Property Condition

Your offer to purchase should address the issue of property condition in two ways. First, ask the sellers to complete a property disclosure statement that lists every conceivable problem or defect that has now or ever affected the property or the neighborhood. In addition, ask what efforts the sellers, previous property owners, or neighbors have implemented to solve the problem. ("Oh yes, we kept blowing fuses, so we just rewired around the fuse box. Now we never have any problems." Or maybe, "Well, there was a crack cocaine house down the street, but the Neighborhood Watch group got the police to close it down.") The more you can get the sellers to tell you about the property and the neighborhood, the more accurately you can judge the property's market value.

Second, while you can learn a great deal from the sellers, you can't learn everything. Sellers can't disclose what they don't know.

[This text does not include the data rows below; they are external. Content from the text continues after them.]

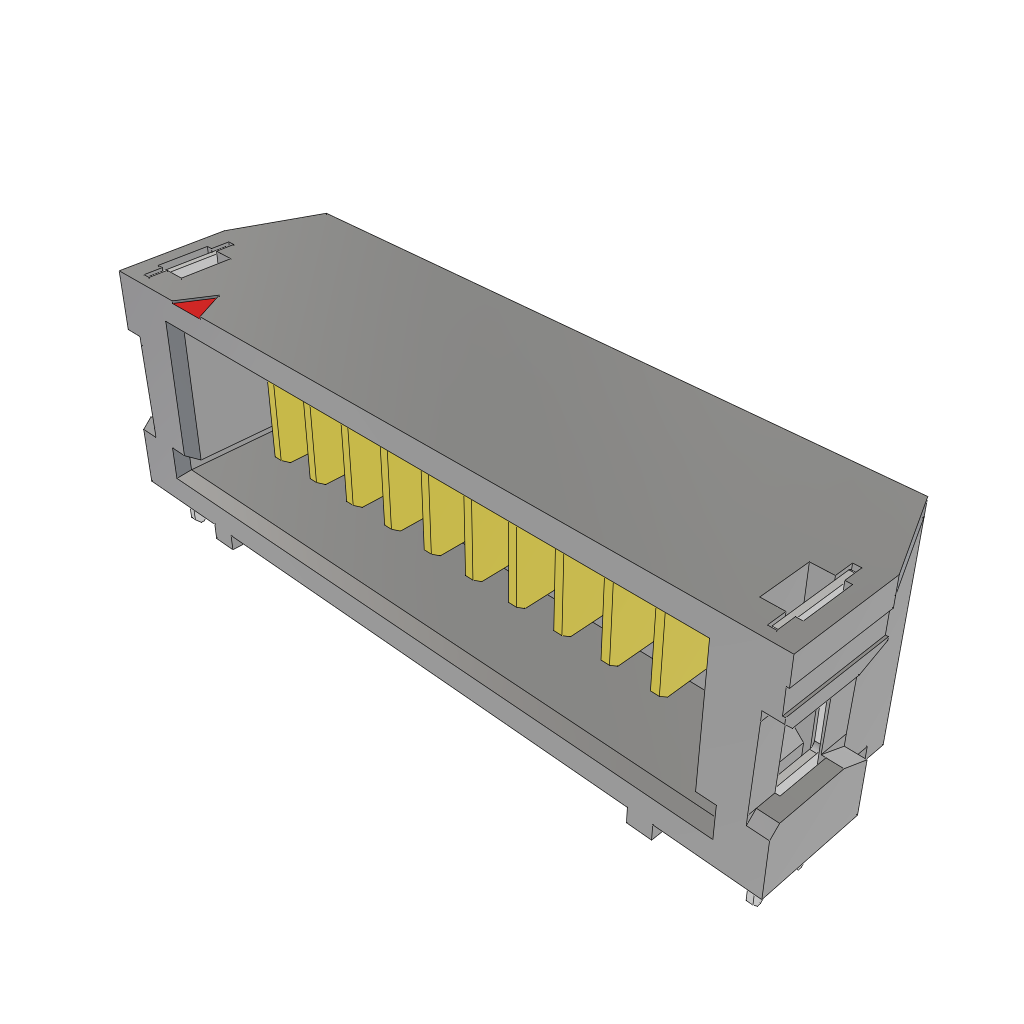 UMPT-10-01-S-RA-WT-M-TR by Samtec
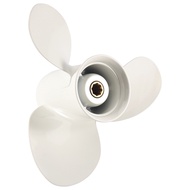 Propeller 9 1/4X11 for Outboard Engines 9.9 F9.9 15HP F15C F15 F20 Aluminum 8 Tooth Spline RH 63V-45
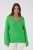 Kaffe Curve Metty Pullover Bright Green - Strikkegensere - 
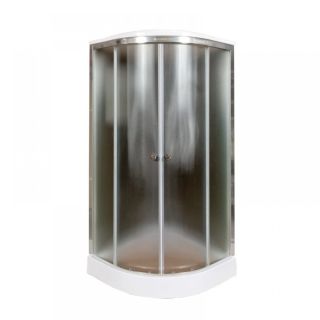 Душевая кабина Deto B09S BLACK 90х90х220 см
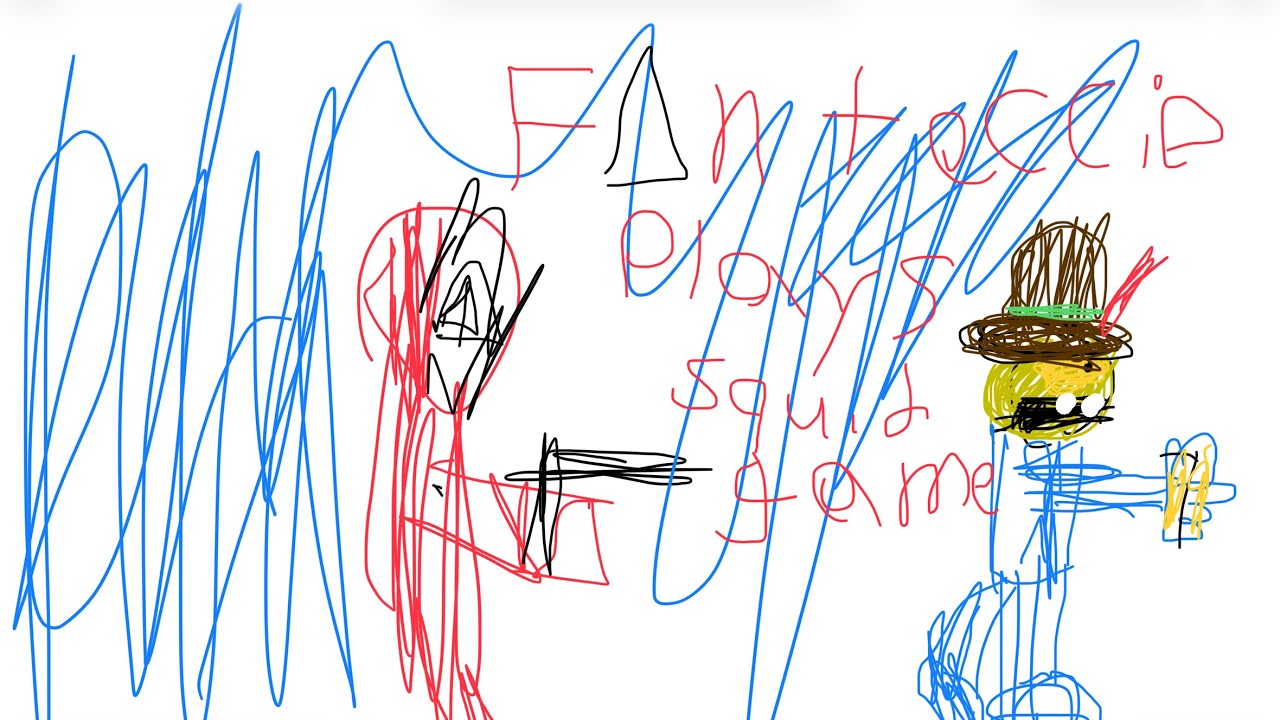 Fantoccio plays squid game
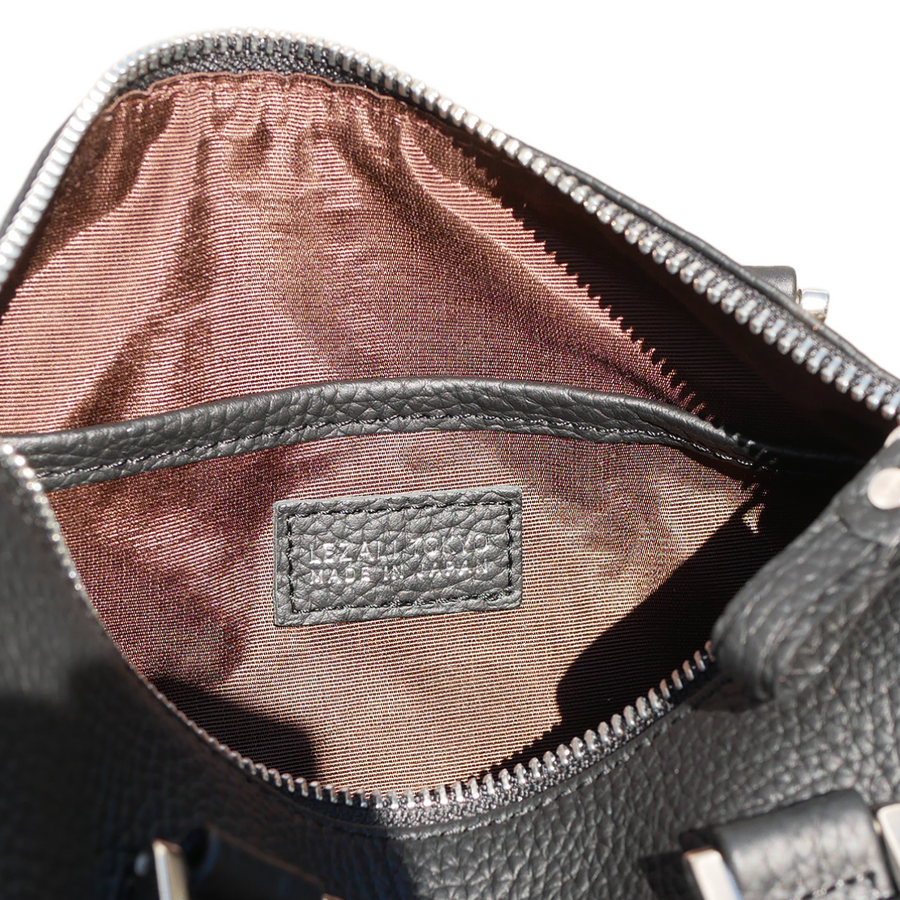 BR715/Emboss Mini BostonBag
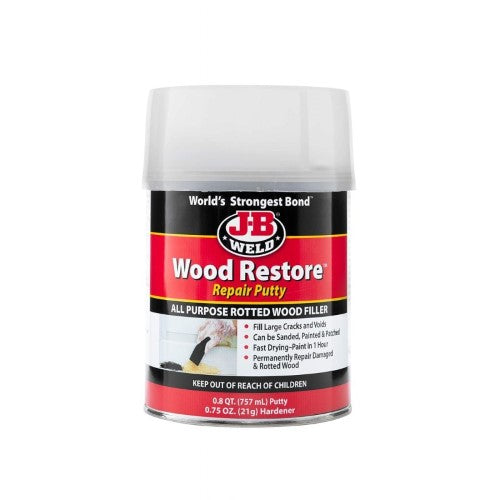 Wood Restore Repair Putty 946ml - JB Weld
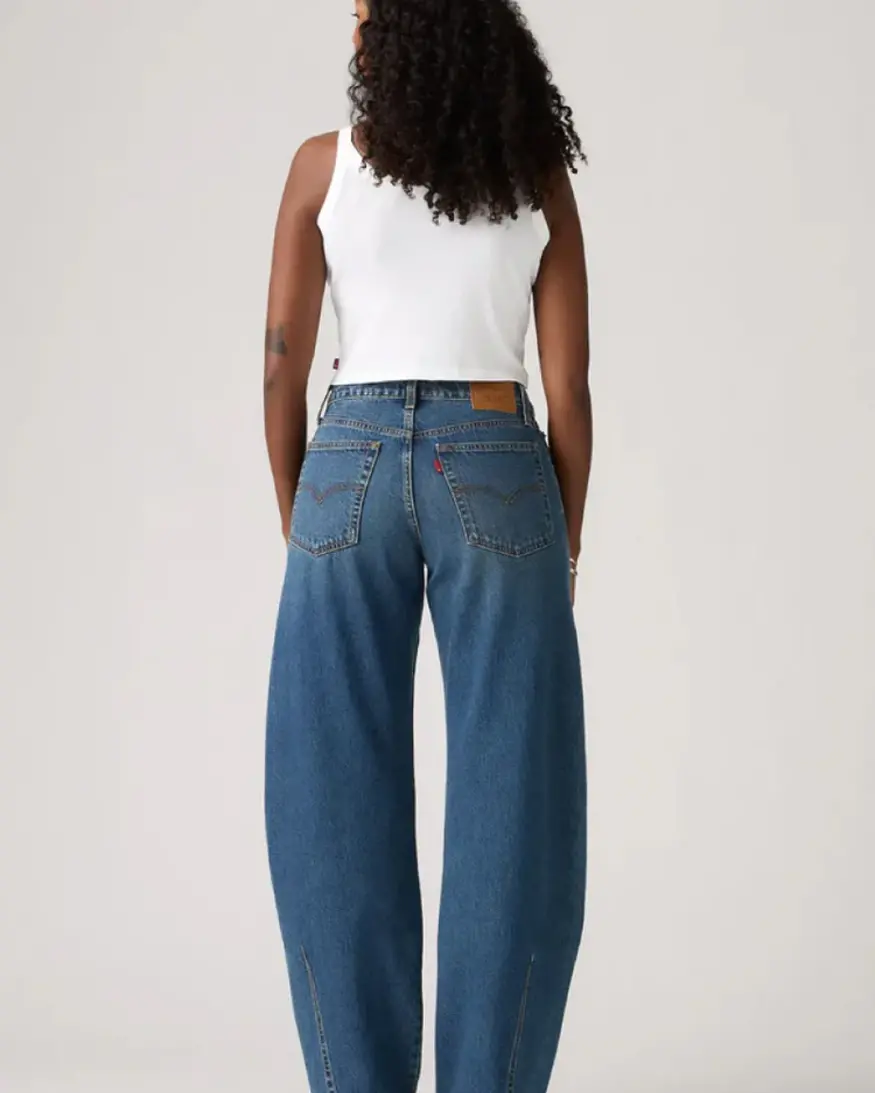 Levi's Baggy Dad Barrel
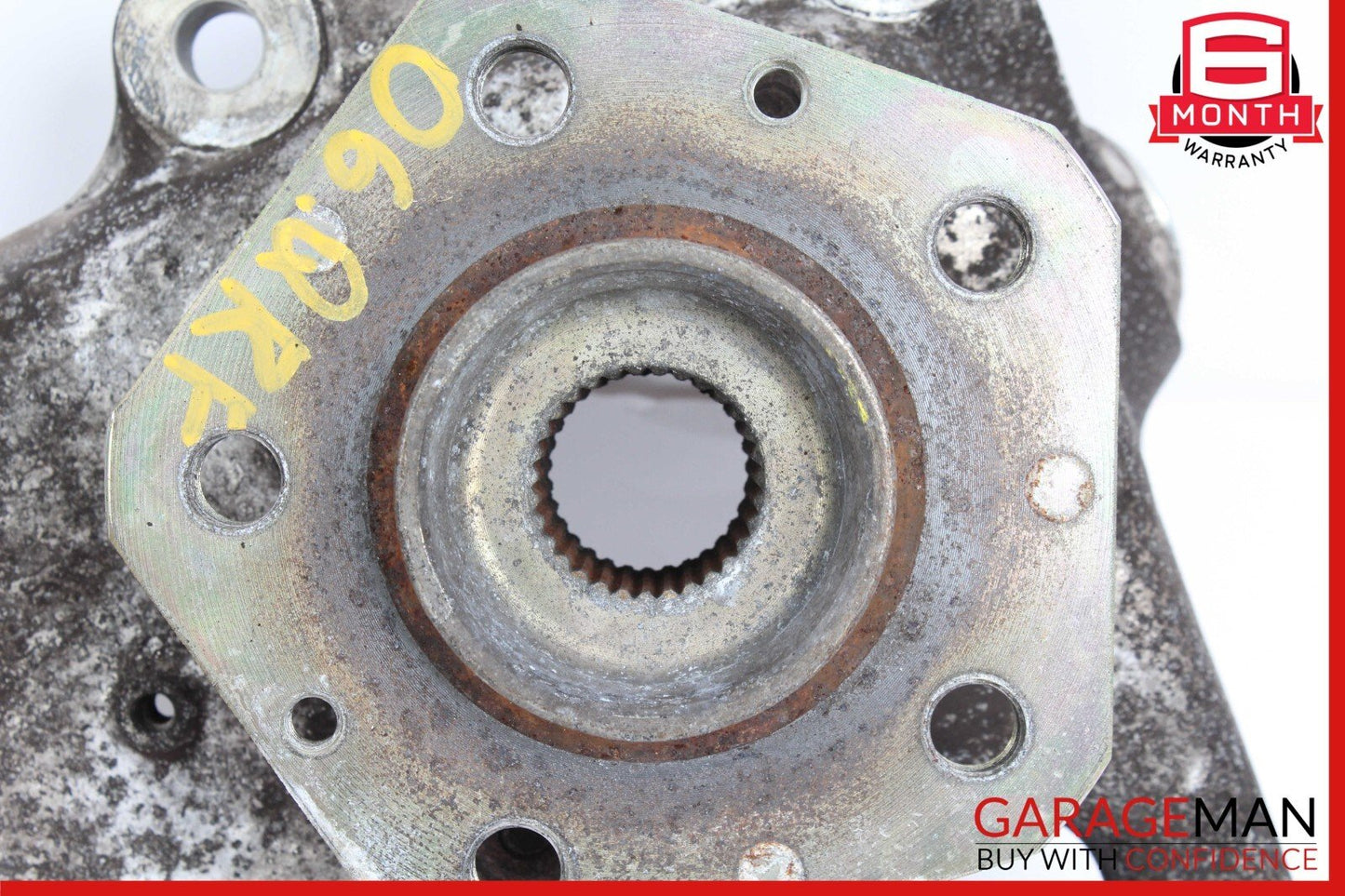 03-10 Maserati Quattroporte M139 Front Right Wheel Spindle Knuckle Hub Bearing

As added protection, include a property inspection contingency in your offer that permits you to check out the property with one or more specialists who can verify the condition of the plumbing, heating and air-conditioning, electrical system, roofing, and foundation.

Your contingency clause can state that repair costs should not exceed some designated amount (say $1,000). Ideally, the sellers should pay these costs. But if you've negotiated a bargain price, then you might accept responsibility. If repair costs exceed your specified amount, your contingency clause should give you the right to void the purchase agreement and obtain a refund of your earnest money deposit.

1 If available. Title insurers will not issue policies on some properties when too many uncertainties cloud the quality of the title. In such cases, you would buy the property only at a steeply discounted price. Once purchased, you would then try to resolve the title issues. If successful, you win big.